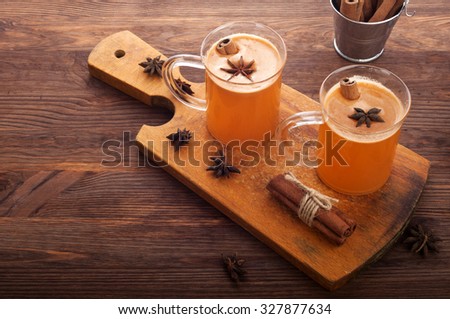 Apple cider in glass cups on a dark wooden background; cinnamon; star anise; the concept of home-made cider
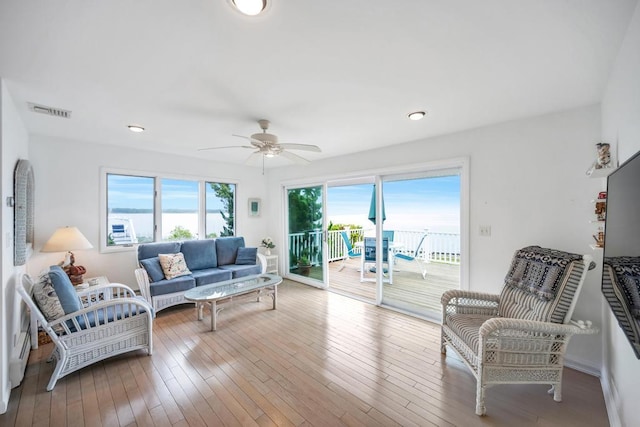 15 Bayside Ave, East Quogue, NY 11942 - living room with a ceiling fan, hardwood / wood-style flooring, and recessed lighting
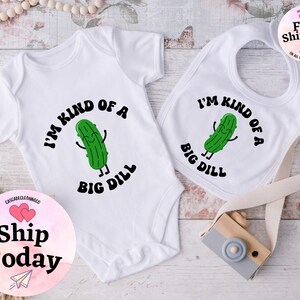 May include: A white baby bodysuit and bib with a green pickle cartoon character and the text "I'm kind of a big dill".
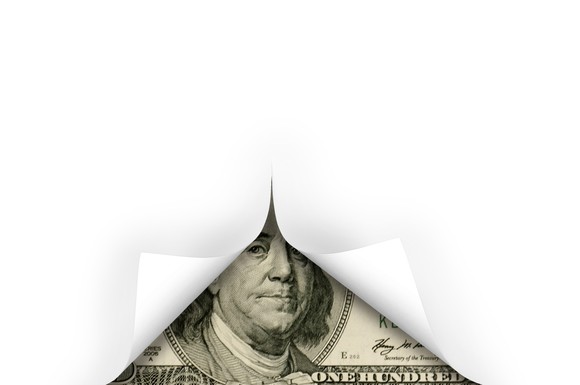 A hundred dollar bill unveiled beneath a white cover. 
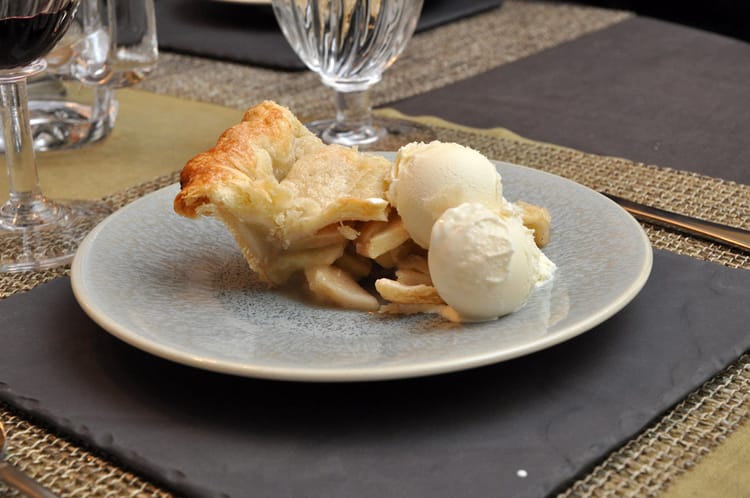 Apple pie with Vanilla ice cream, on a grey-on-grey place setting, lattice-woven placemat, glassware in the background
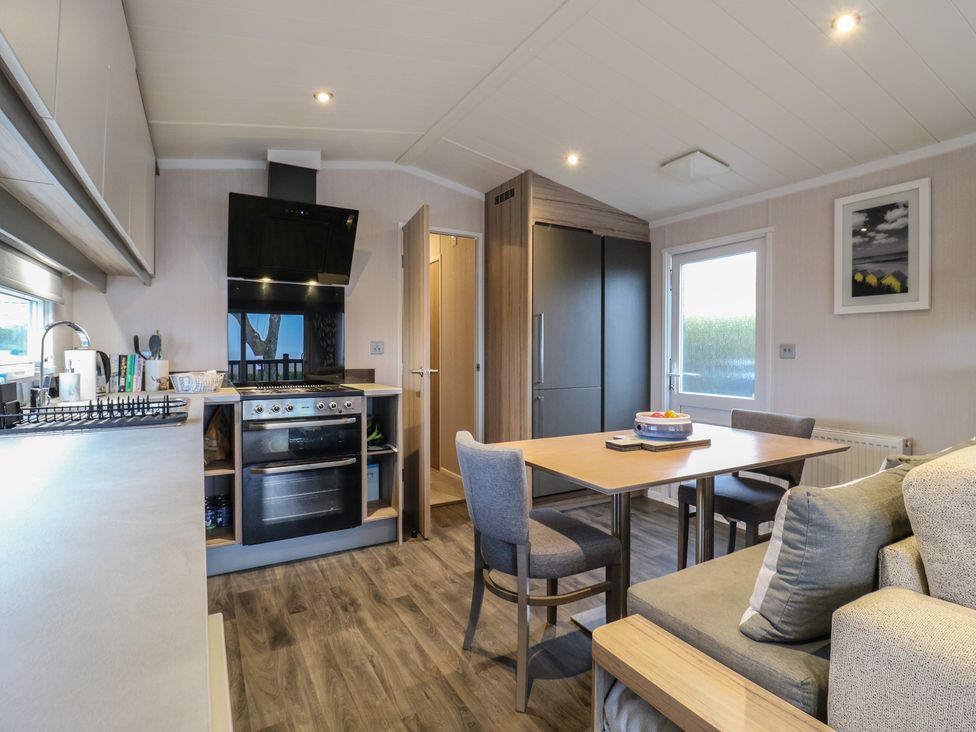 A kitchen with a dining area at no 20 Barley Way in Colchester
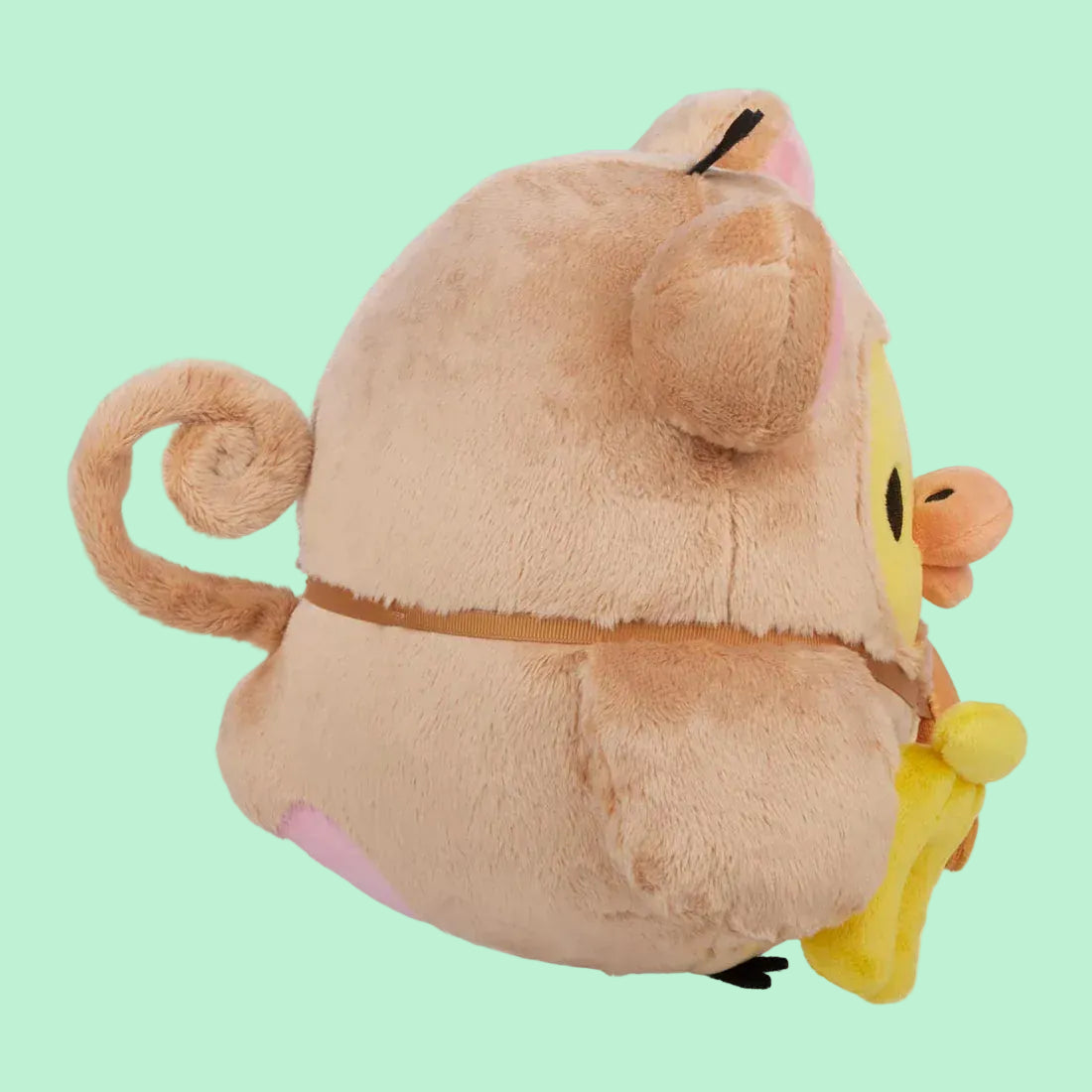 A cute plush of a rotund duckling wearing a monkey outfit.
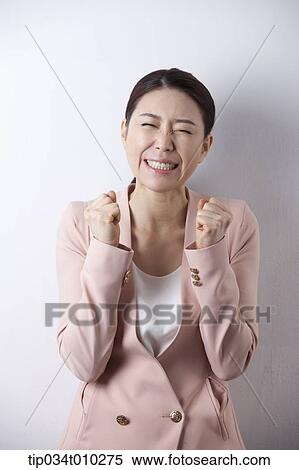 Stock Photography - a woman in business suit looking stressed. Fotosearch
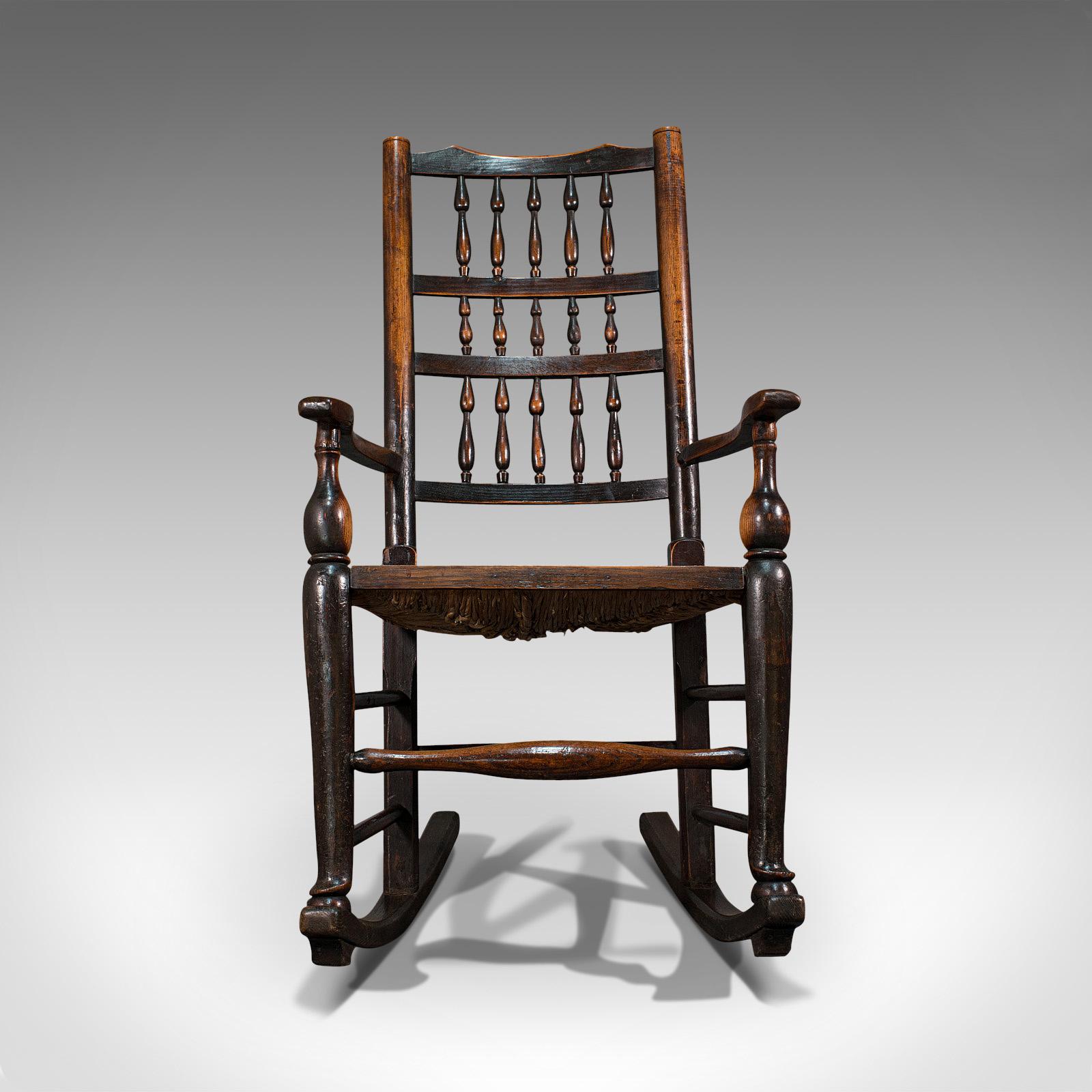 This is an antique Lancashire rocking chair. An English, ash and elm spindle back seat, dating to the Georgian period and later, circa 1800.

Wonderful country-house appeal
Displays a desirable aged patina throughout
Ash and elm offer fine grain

.....

* _Work item_: From the line that contains "A kitchen with" to the final line of the entries, reproduce every line exactly, both ends included. Leave out all pictures.

* _Reply_:
 A kitchen with a dining area at no 20 Barley Way in Colchester
 A cute plush of a rotund duckling wearing a monkey outfit.
 Stock Photography - a woman in business suit looking stressed. Fotosearch
 This is an antique Lancashire rocking chair. An English, ash and elm spindle back seat, dating to the Georgian period and later, circa 1800.

Wonderful country-house appeal
Displays a desirable aged patina throughout
Ash and elm offer fine grain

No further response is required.